Elasticsearch简单使用

131 阅读6分钟

Elasticsearch 是一种高度可扩展的开源全文搜索和分析引擎,它允许你快速地、近实时地存储、搜索和分析大量数据。

这是一些Elasticsearch的高级功能及其用途:

聚合(Aggregations):

  • 聚合允许你在搜索文档集上生成复杂的数据分析。例如,你可以用聚合来计算平均值、求和、最小/最大值、以及更复杂的统计数据如分布和百分位数。
  • 桶聚合(Bucket Aggregations)用于分组数据,比如按照日期、地理位置或任何可分类的字段分组。
  • 度量聚合(Metric Aggregations)用于计算关于数据集的指标,如总数、平均值、最小值和最大值。

下面是一个在 Spring Boot 中使用 Elasticsearch 进行聚合查询的示例。
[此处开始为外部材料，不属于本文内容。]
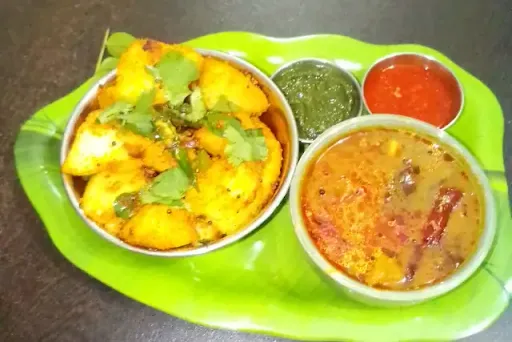 Masala Idli [4 Pieces]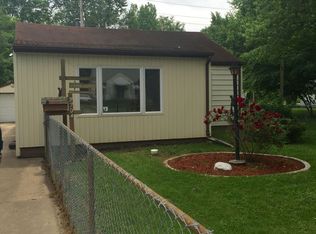 2204 E Adams St, Springfield, IL 62703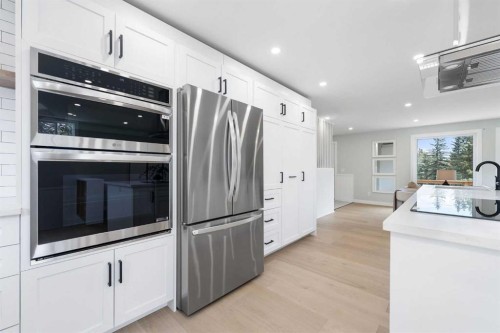 328 Cantrell Place Sw, Calgary, AB - Indoor Photo Showing Kitchen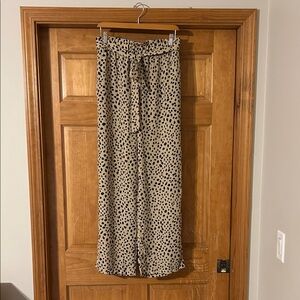 Brand New, Heimish Cheetah print Wide-Leg Pants. 1X but fits more like M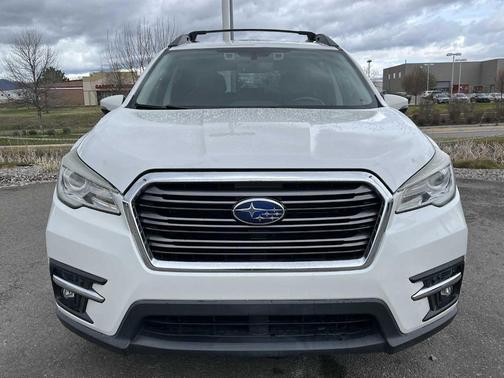 Crystal White Pearl 2019 Subaru Ascent Limited 8-Passenger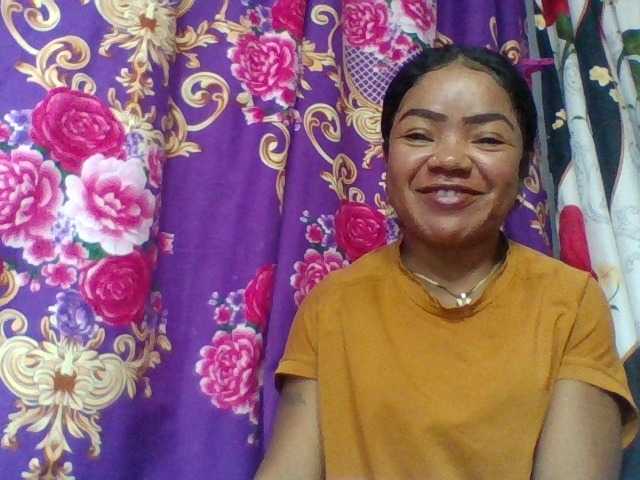 Elyah1a live cam on BongaCams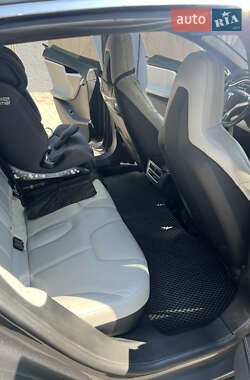 Лифтбек Tesla Model S 2016 в 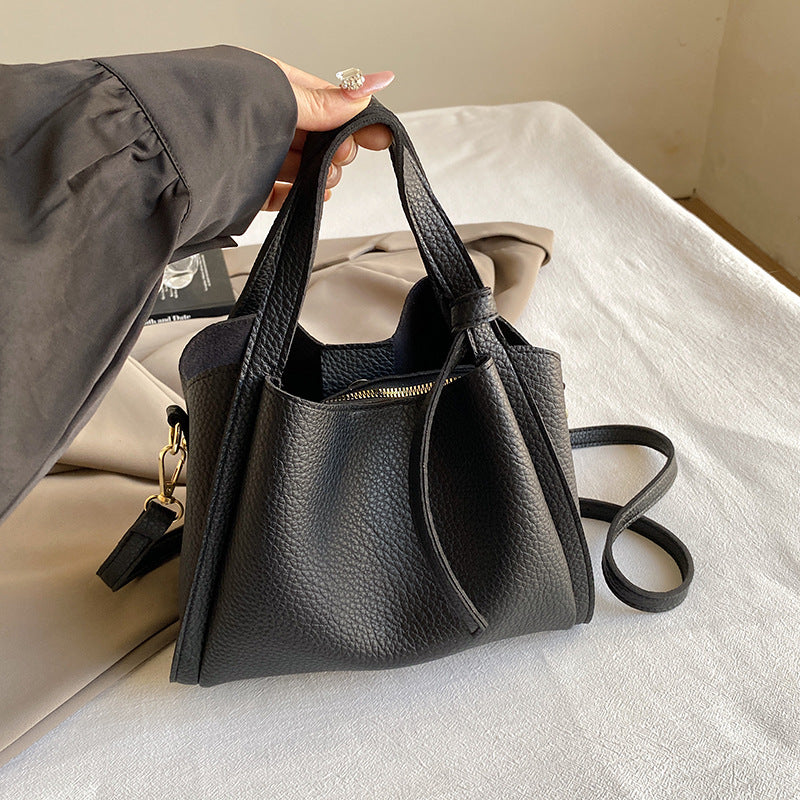 Women's High-grade Niche Texture Commuter Large Capacity Shoulder Bags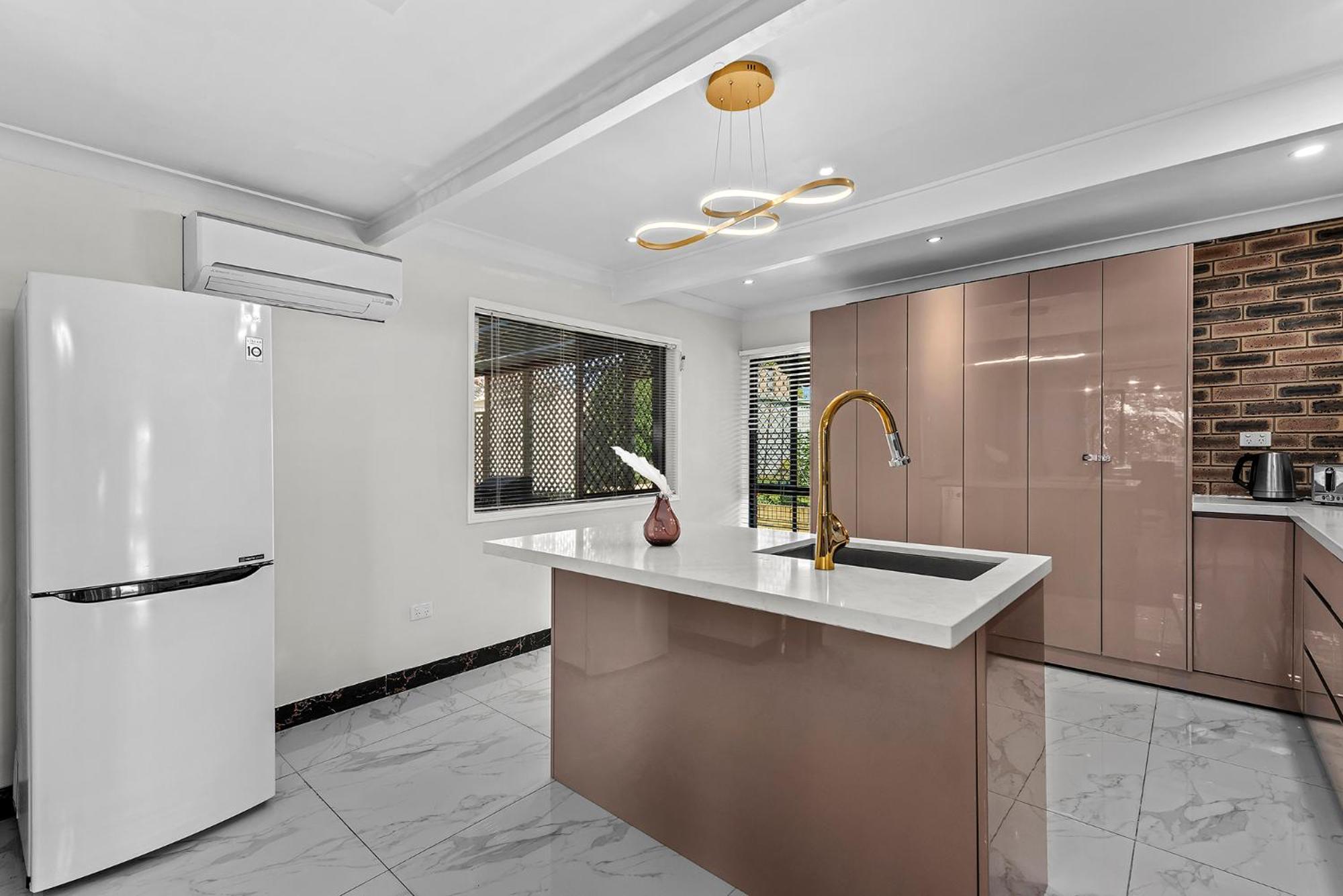 Holiday home Luxury Living 2b2b In Southern Parking Brisbane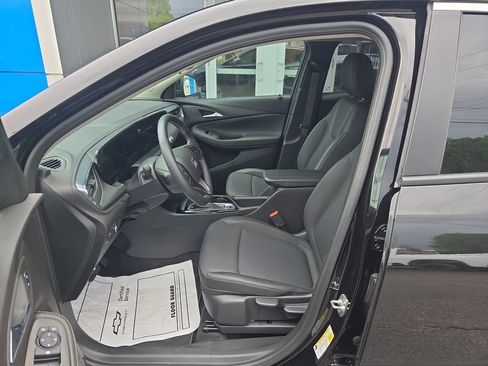 Certified 2025 Buick Encore GX Preferred FWD image 7
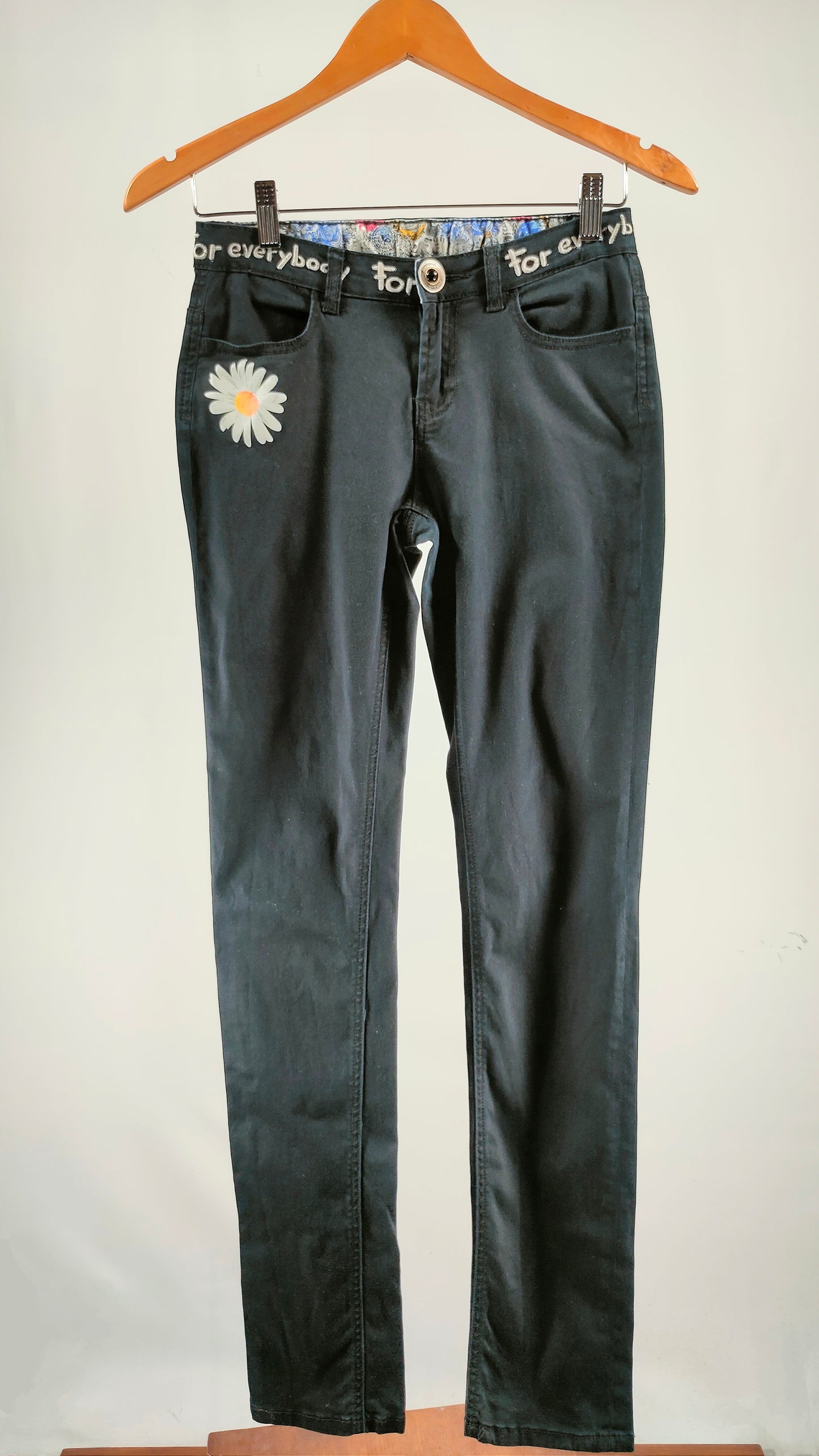 Pantalones Desigual con margarita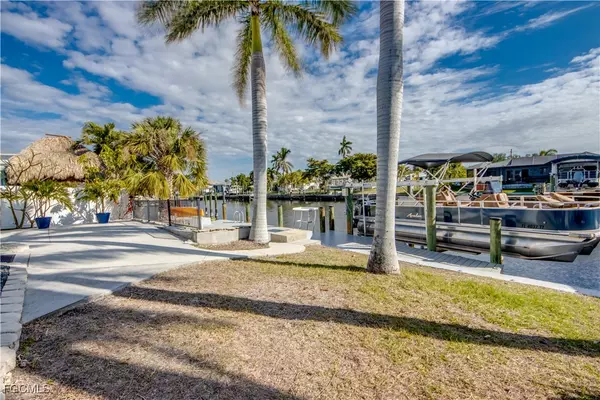 Matlacha Isles, FL 33991,12262 Boat Shell DR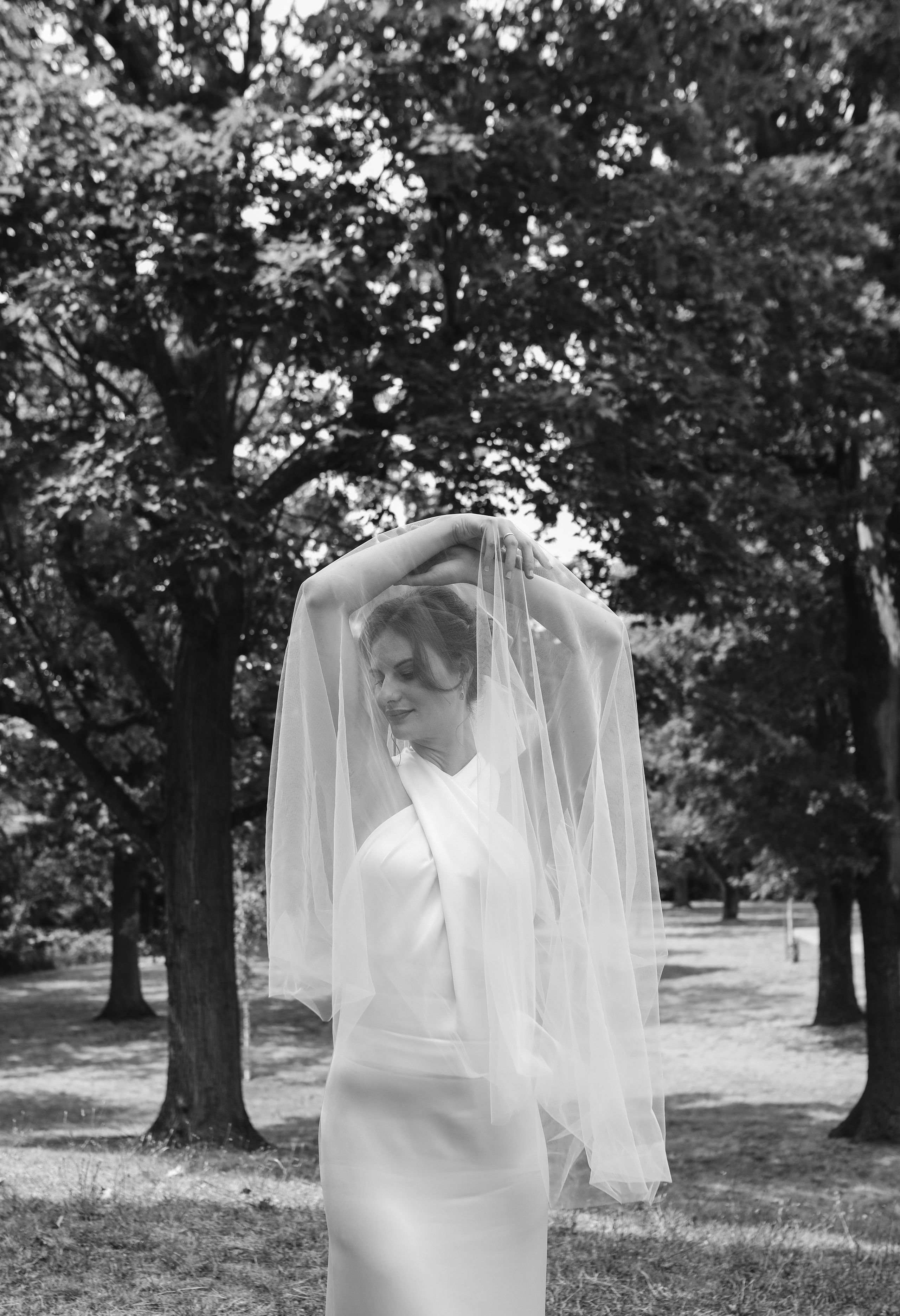 Brautpaar vor dem Schlösschen Limburgerhof – romantische Hochzeitsfotos Pfalz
这个例子将展示如何使用桶聚合和度量聚合来分析数据。

以下是一个简单的服务类示例,该服务执行一个桶聚合,以便按某个字段(比如 type)分组,并计算每组的平均值:

import org.elasticsearch.action.search.SearchRequest;
import org.elasticsearch.action.search.SearchResponse;
import org.elasticsearch.client.RequestOptions;
import org.elasticsearch.client.RestHighLevelClient;
import org.elasticsearch.index.query.QueryBuilders;
import org.elasticsearch.search.aggregations.AggregationBuilders;
import org.elasticsearch.search.aggregations.BucketOrder;
import org.elasticsearch.search.aggregations.bucket.terms.TermsAggregationBuilder;
import org.elasticsearch.search.aggregations.metrics.AvgAggregationBuilder;
import org.elasticsearch.search.builder.SearchSourceBuilder;
import org.springframework.beans.factory.annotation.Autowired;
import org.springframework.stereotype.Service;

import java.io.IOException;

@Service
public class ElasticsearchService {

    @Autowired
    private RestHighLevelClient client;

    public void aggregateData() {
        try {
            SearchRequest searchRequest = new SearchRequest("your_index_name"); // 替换为你的索引名
            SearchSourceBuilder searchSourceBuilder = new SearchSourceBuilder();

            // 定义桶聚合
            TermsAggregationBuilder aggregation = AggregationBuilders.terms("by_type")
                    .field("type.keyword")
                    .order(BucketOrder.aggregation("average_price", true)); // 按平均价格排序

            // 定义度量聚合(计算平均值)
            AvgAggregationBuilder avgPrice = AggregationBuilders.avg("average_price")
                    .field("price");

            aggregation.subAggregation(avgPrice);
            searchSourceBuilder.aggregation(aggregation);
            searchRequest.source(searchSourceBuilder);

            SearchResponse response = client.search(searchRequest, RequestOptions.DEFAULT);

            // 这里可以根据需要处理响应
            System.out.println(response);
        } catch (IOException e) {
            e.printStackTrace();
        }
    }
}

全文搜索功能(Full-text Search):

  • 支持多种类型的全文搜索,包括匹配查询、多字段查询和语言相关的查询,如语言分析器。
  • 查询DSL(Query Domain-Specific Language)提供了强大的、灵活的查询语言来执行和优化搜索。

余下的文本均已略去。